Il n’a pas été signé par un membre de l’Ordre des ingénieurs du Québec, de l’Ordre des chimistes du Québec ou de l’Ordre des technologues du Québec, indique-t-on.
Les résultats étaient aussi « non conformes puisqu’ils ne tenaient pas compte de la dilution, ce qui les rendait non représentatifs ».
La Ville a demandé des corrections au rapport à l’entreprise. La demande est demeurée sans suite.
La poursuite de la Ville de Terrebonne suit son cours au palais de justice de Saint-Jérôme. Elle pourrait durer encore des années.
Triani rejette toujours, pour l’instant, ses eaux contaminées dans les tuyaux de la municipalité de 120 000 habitants.
Plusieurs autres figures de proue du Québec inc. dans la tourmente
La famille Molson n’est pas le seul membre du gratin de l’économie du Québec à faire partie de l’histoire de Triani.
On compte aussi un ancien grand patron de la Société des alcools du Québec et la Caisse de dépôt et placement du Québec dans les personnages.

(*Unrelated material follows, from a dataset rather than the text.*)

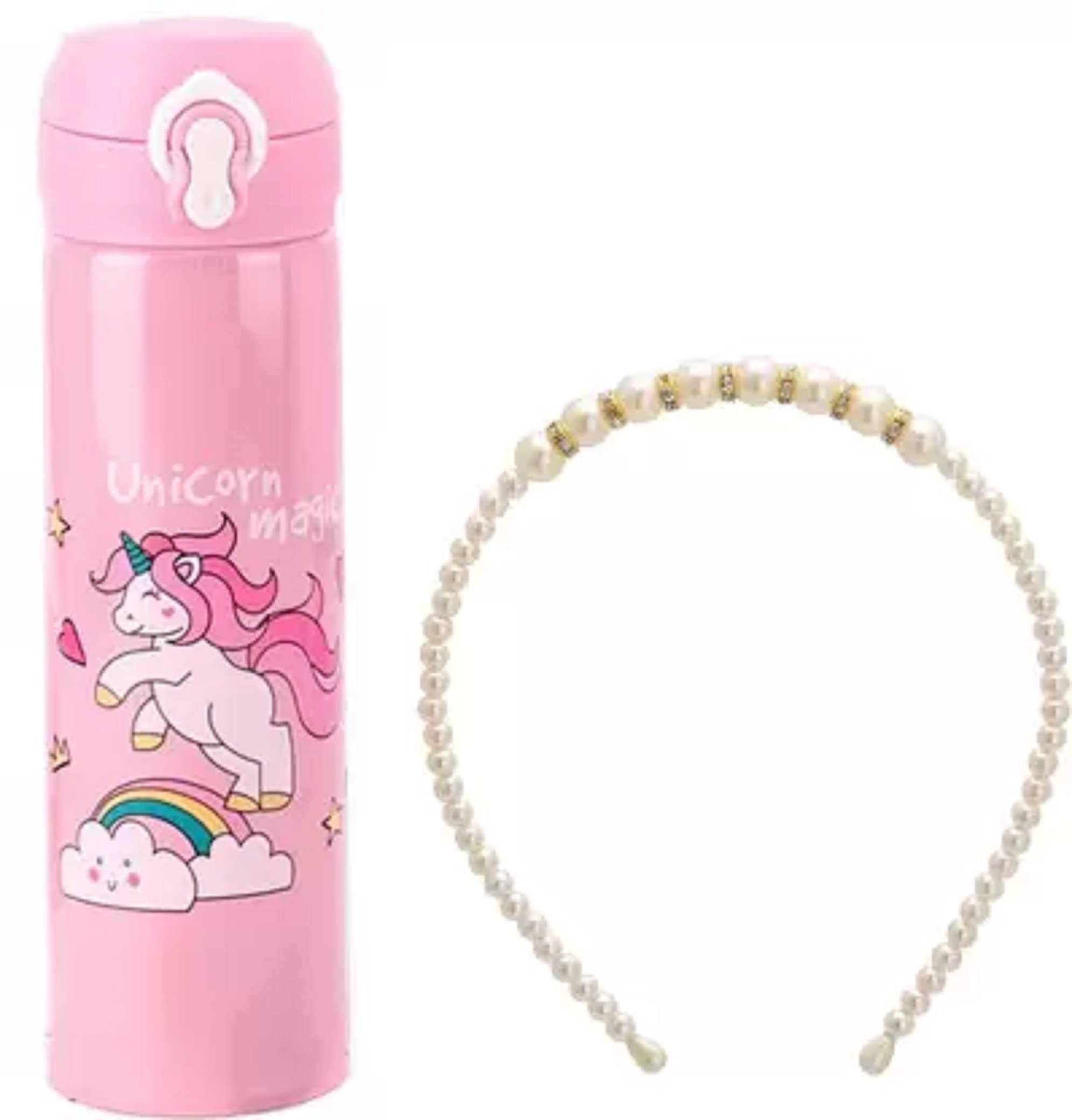 Sellon1 Unicorn Water Bottle 500 ml Water Bottle for Kids School Stainless Steel Insulated 500 ml Bottle (Pack of 1, Pink, Steel)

La Caisse choisit par exemple Triani au détriment de RJ Brasseurs en 2022 pour se porter acquéreur du groupe Glutenberg, en chute libre depuis.
Les entreprises de Tristan Bourgeois Cousineau et Joannie Couture, le couple derrière Triani, sont alors poursuivies de partout en cour par une firme de marketing, un courtier en douanes, de nombreux brasseurs, un fournisseur de bouteilles, un service comptable, un atelier d’usinage, un distributeur, un gestionnaire de déchets, un consultant, un vendeur de chariots élévateurs, une firme d’ingénierie, un ex-directeur des ventes, une firme d’études de marché, un service informatique...

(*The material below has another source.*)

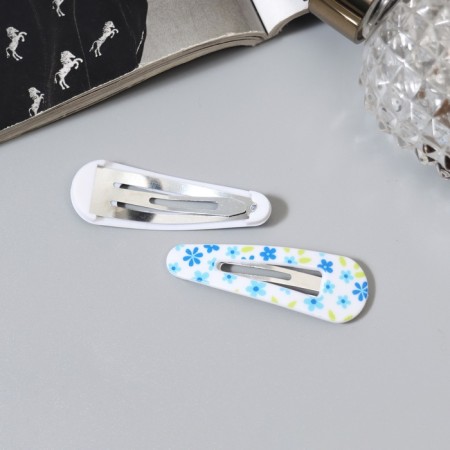 Invisible hair "Gloria", set 4 pcs., Flowers, 5 cm-1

« Au moins trois entreprises sont poursuivies, pas juste Triani, et on règle toujours hors cour », souligne Joannie Couture.
Spiritueux spirituels – administré par l’ancien numéro un de la SAQ Alain Brunet – est l’une des PME (plus de 40) en conflit avec Triani.
La liste est longue.
« Je vais survivre, mais j’ai les deux jambes cassées », illustre Keegan Kelertas, un brasseur à qui Transbroue – qui appartient à Tristan et Joannie – doit 200 000 $.
Aussi des heureux
Triani compte aussi des clients heureux, comme l’entrepreneur-influenceur Olivier Primeau, qui produit sa nouvelle boisson à Terrebonne depuis peu.
« Je ne les défends pas, mais moi, pour l’instant, ça va bien », dit le proprio de Beach Day Every Day.
►Transbroue est une entreprise distincte de Triani. Les deux ont les mêmes propriétaires : Tristan Bourgeois Cousineau et Joannie Couture. Le couple possède Transbroue depuis août 2022. Ils ont fondé Triani en 2014. À l'époque, Triani achetait du vin italien avant de l'embouteiller et de le vendre dans les dépanneurs et les épiceries.